# REGEN: Reference-Guided Synthetic Multivariate Time Series Generation for Forecasting

> Source: <https://arxiv.org/abs/2606.05264>
> Published: 2026-06-05 04:00:00+00:00

arXiv:2606.05264v1 Announce Type: new
Abstract: Training robust multivariate time series forecasting models requires large, diverse corpora, yet many real-world domains provide only a handful of observed sequences. Existing generators fail to resolve this mismatch: prior-based approaches (e.g., CauKer, TimePFN) produce domain-agnostic samples, while data-driven methods (e.g., TimeGAN) treat references as black-box supervision, forfeiting explicit control over periodic structure, local variability, and cross-variable dynamics.
We propose ReGeN, a reference-guided generative pipeline that treats observed sequences not as examples to imitate, but as structural scaffolds for controllable synthesis. ReGeN decomposes each reference into three interpretable components: a phase-aligned periodic backbone capturing dominant domain morphology; per-variable stochastic residuals modeled with a deep-kernel Gaussian process; and lag-aware cross-variable dependencies injected through a structural causal model with fitted coupling coefficients. Sampling these components at controllable temperature broadens distributional coverage while preserving domain-grounded structure.

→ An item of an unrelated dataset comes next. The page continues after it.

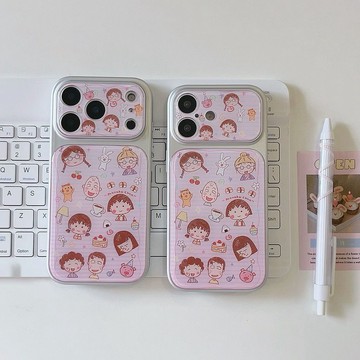 動漫ins櫻桃小丸子適用於iPhone14手機殼蘋果15/16promax/17pro潮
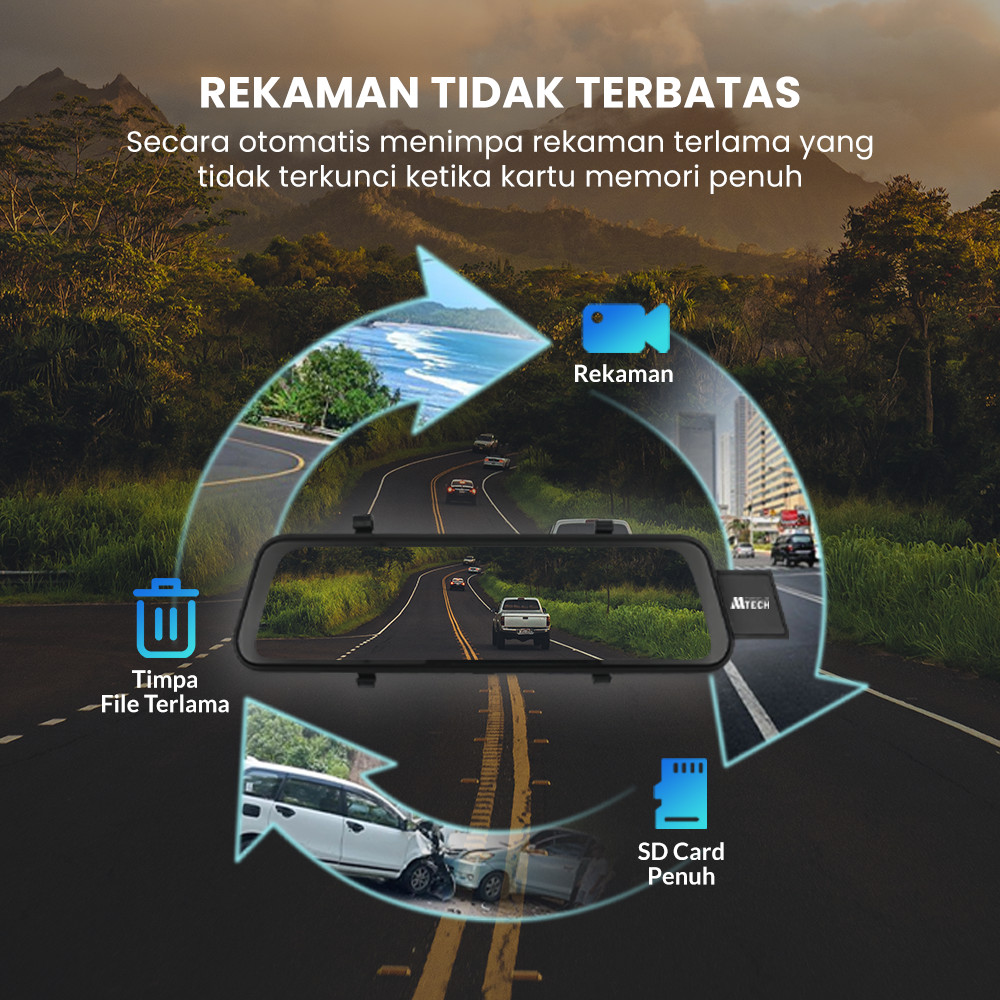 hot deals mobiletech dashcam mobil 3 kamera treca wifi 1080p triple lens camera layar sentuh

We show that ReGeN-generated data consistently substitutes for real sibling data with minimal forecasting degradation, and in strongly periodic domains such as traffic, can outperform the real source itself. We further show that a foundation model pretrained on ReGeN corpora outperforms those pretrained on prior-based and data-driven synthetic alternatives. This suggests that in low-data regimes, how reference data is structurally exploited can matter as much as how much data is available.